Along with the reconstruction of the building was the organization of the administration, re-examination of the education objectives, and adoption of new methods to suit the needs of the students. The curriculum included Reading, History, Writing, Arithmetic, Spanish Grammar, Practical Arts, and Religious and Moral Training. The emphasis was Christian formation and Christian manners and right conduct.

On September 14, 1917, five of the Sisters from Colegio de San Jose started the Colegio del Sagrado Corazon de Jesus in Iloilo City proper.

In 1926, the college was allowed to grant high school diplomas. Later on, it offered college courses like Music, Teacher Education, Secretarial and Commerce. Colegio de San Jose, the oldest school for girls in Western Visayas, had a complete library, a school of music, plus complete courses from pre-elementary to college.

===Fire and new building===

On August 30, 1958, the school was razed by fire of undetermined origin. The Viritas, local newspaper, quoted that the burning of Colegio de San Jose was both material and historic loss to Iloilo.
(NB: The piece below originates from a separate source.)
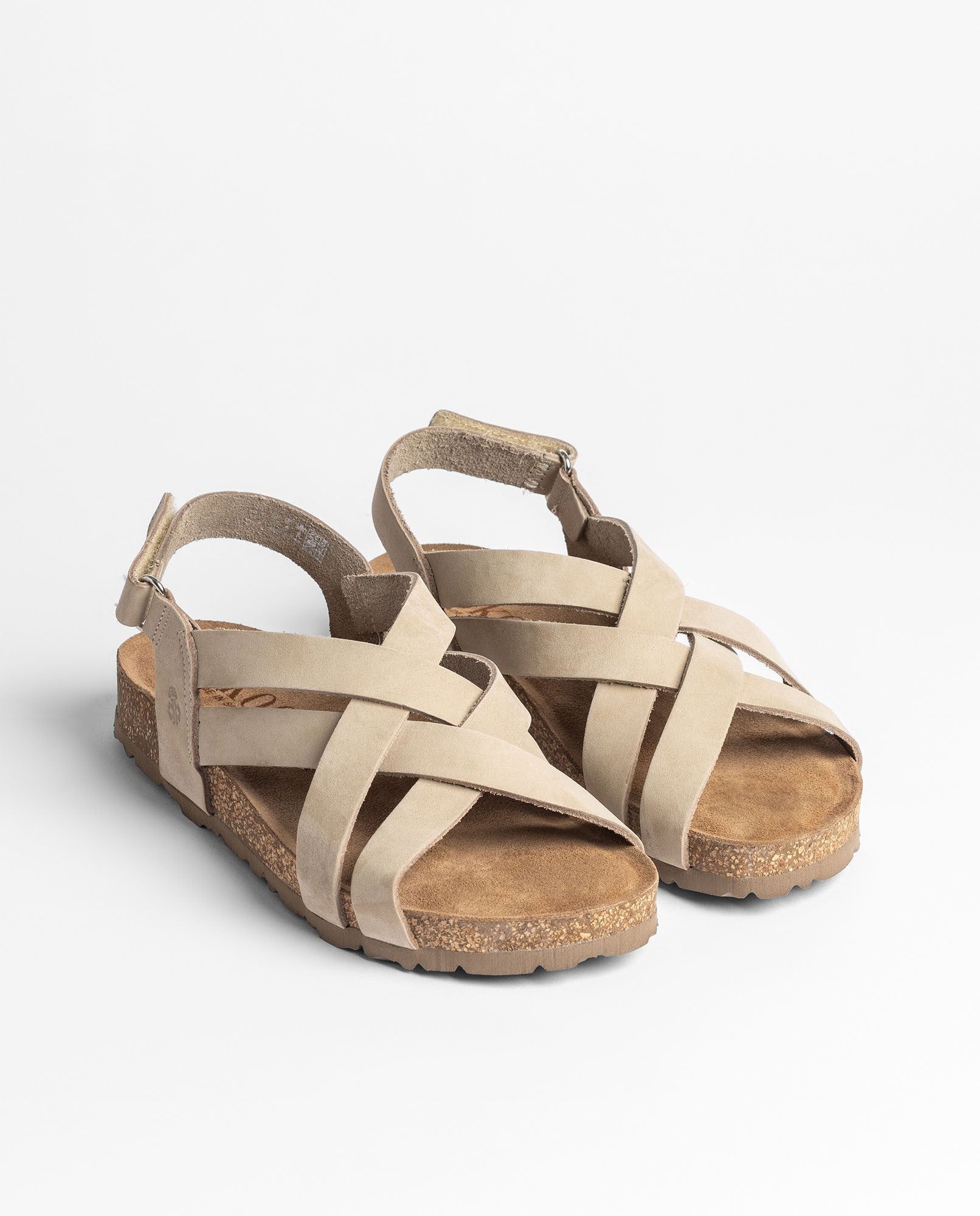Sandalia plana JERBA-263 beige_38568.jpg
The history of the education and cultural works of the Daughters of charity of St. Vincent de Paul was destroyed.

In the early 1950s, the Escuela Municipal became a free school serving as a laboratory for the in-campus practice teaching of normal education students. It functioned and even flourished after the fire of 1958 the building having withstood the fire.

Church and government officials, heads of schools, superiors of the congregation like Ana Cassassas and Hermenegilda Beroiz and Zacariaz Zubinas, the whole Daughters of Charity province, lay benefactors and alumni all over the country, contributed to the rebuilding of the new college building. The new building was blessed by Jose Ma. Cuenco, Archbishop of Jaro on November 27, 1959.

After Ines Peña reconstructed the college and put things in order, Tarsila Palermo took over the management. During her term she also had the supervision of the opening of the Marillac Academy in Miag-ao, a sister institution of Colegio de San Jose. Concepcion Gotera who succeeded Palermo, carried on with the preparation of the school, until on September 6, 1969, it was officially opened. Then Ines Peña took over, followed by Soledad Torre.

March 1979 marked a new thrust in the administration of CSJ and other D.C. schools. A new vision systematized the management, supervision and administration of all D.C. schools was adopted. The Catholic School System Development Program was integrated in the Daughters of Charity Mission Statement.

School year 1981–82 saw Colegio de San Jose making a forward thrust by opting for PAASCU accreditation. While the Basic Education Department had undergone and passed the Preliminary and Formal Survey, the College Department, in coordination with the faculty, students, personnel, parents, alumni and community launched the PAASCU Preliminary Survey on January 19–20, 1987. School year 2024–25 saw Colegio de San Jose making another PAASCU accreditation and is advancing to level 3.